• INPUT DATA

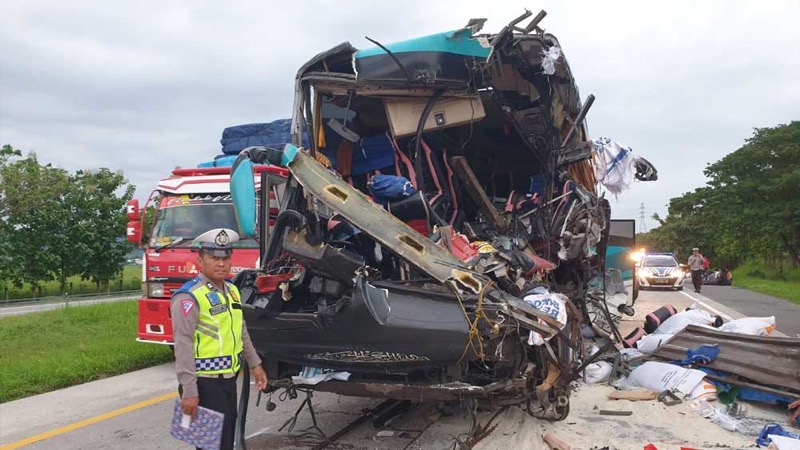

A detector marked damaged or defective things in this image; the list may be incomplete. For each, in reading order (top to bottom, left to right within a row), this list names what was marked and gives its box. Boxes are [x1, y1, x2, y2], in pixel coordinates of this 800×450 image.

shattered bus interior [228, 10, 652, 426]
wrecked bus [228, 11, 652, 426]
torn metal panel [652, 324, 800, 394]
crumpled metal sheet [652, 324, 800, 394]
rusty metal piece [652, 324, 800, 394]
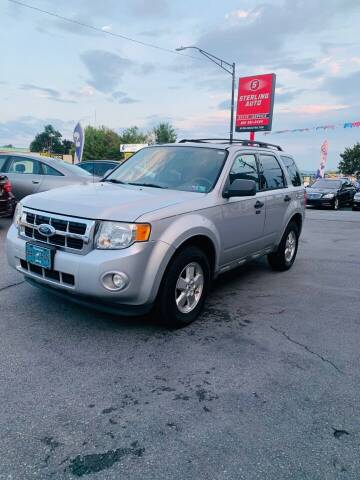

• EXERCISE INSTRUCTIONS
Output every record exactly, minus the pictures.

• ANSWER SECTION
A detector marked damaged or defective things in this image; the list may be incomplete. For each, in reading order (top to bottom, left to right within a row), this list names what was marked and gives its box. Boxes are [x1, y1, x2, y2], in pixel coordinates of this 800×450 image.

shattered bus interior [228, 10, 652, 426]
wrecked bus [228, 11, 652, 426]
torn metal panel [652, 324, 800, 394]
crumpled metal sheet [652, 324, 800, 394]
rusty metal piece [652, 324, 800, 394]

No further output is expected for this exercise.